Una intensa tormenta de nieve mantiene paralizados a múltiples aeropuertos en Estados Unidos, generando la mayor cantidad de cancelaciones de vuelos en un solo día desde el inicio de la pandemia de COVID-19. Más de 16.000 vuelos han sido suspendidos desde el 24 de enero, de los cuales más de 10.300 correspondieron al 25 de enero, según datos preliminares de seguimiento aéreo.
El fenómeno climático afectó principalmente a las aerolíneas con hubs en la ruta del temporal. JetBlue Airways canceló más del 70 % de su programación dominical, mientras que American Airlines superó el 55 %. Compañías como Delta y United también recortaron casi la mitad de sus vuelos, dejando a decenas de miles de pasajeros varados en distintos puntos del país.
Los aeropuertos del este estadounidense presentan las mayores dificultades. Terminales en Nueva York y Washington D. C. registraron tasas de cancelación superiores al 80 %, e incluso al 90 % en algunos casos. Centros logísticos estratégicos como Boston Logan, Charlotte Douglas y Chicago O’Hare también sufrieron fuertes interrupciones operativas.
Aunque la atención se centra en el noreste, el impacto climático se extendió desde Texas y el sur del país, donde lluvia helada y acumulación de hielo obligaron a cerrar pistas en aeropuertos de Dallas, Houston y Austin, provocando un efecto dominó de retrasos y cancelaciones en todo el sistema aéreo.

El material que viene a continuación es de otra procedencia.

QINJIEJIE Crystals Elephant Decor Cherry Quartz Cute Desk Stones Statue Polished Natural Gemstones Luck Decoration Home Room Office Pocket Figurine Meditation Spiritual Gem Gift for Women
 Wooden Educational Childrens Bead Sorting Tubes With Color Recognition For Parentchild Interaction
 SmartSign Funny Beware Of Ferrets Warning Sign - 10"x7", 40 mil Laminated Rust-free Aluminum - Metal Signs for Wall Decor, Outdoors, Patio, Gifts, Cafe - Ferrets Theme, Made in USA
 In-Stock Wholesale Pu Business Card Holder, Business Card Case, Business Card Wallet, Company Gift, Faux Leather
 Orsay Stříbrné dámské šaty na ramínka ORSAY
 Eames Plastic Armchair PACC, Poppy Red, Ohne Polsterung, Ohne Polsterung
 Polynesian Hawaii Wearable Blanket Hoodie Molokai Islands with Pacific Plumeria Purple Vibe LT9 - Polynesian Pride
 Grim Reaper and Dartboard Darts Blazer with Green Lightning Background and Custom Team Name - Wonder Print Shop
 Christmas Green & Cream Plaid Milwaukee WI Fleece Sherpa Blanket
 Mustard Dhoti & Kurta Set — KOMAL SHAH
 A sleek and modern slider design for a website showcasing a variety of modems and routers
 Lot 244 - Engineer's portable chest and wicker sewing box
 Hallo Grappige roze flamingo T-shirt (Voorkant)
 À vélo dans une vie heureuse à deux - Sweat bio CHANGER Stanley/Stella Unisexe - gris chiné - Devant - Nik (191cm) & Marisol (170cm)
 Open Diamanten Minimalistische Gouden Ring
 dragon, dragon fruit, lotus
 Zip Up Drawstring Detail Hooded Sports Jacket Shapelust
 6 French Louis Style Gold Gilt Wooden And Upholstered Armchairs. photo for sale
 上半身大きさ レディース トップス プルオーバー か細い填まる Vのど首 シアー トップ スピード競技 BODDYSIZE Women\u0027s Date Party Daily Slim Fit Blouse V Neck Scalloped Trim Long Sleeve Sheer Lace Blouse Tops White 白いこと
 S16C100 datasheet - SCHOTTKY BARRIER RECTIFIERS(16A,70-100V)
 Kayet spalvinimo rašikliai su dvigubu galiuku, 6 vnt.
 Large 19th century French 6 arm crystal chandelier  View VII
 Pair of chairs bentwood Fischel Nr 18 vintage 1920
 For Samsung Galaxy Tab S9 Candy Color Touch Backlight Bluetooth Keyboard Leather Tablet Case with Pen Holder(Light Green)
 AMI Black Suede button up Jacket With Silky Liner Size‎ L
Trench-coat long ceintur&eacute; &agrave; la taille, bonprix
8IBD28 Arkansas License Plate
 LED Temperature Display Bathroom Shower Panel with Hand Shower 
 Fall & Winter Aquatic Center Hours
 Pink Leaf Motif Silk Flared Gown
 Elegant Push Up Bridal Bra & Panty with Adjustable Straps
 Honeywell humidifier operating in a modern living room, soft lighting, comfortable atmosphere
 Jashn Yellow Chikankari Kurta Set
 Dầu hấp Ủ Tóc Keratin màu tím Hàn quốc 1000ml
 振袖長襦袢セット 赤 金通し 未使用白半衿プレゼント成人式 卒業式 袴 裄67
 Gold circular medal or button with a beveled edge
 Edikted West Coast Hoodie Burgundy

Las previsiones meteorológicas alertan que las condiciones adversas continuarán. En Nueva Inglaterra, se esperan nevadas de hasta 45 centímetros, mientras que en Nueva York podrían acumularse hasta 30 centímetros de nieve. La presencia de aguanieve aumenta el riesgo de hielo pesado, complicando la reapertura segura de carreteras y pistas de aterrizaje.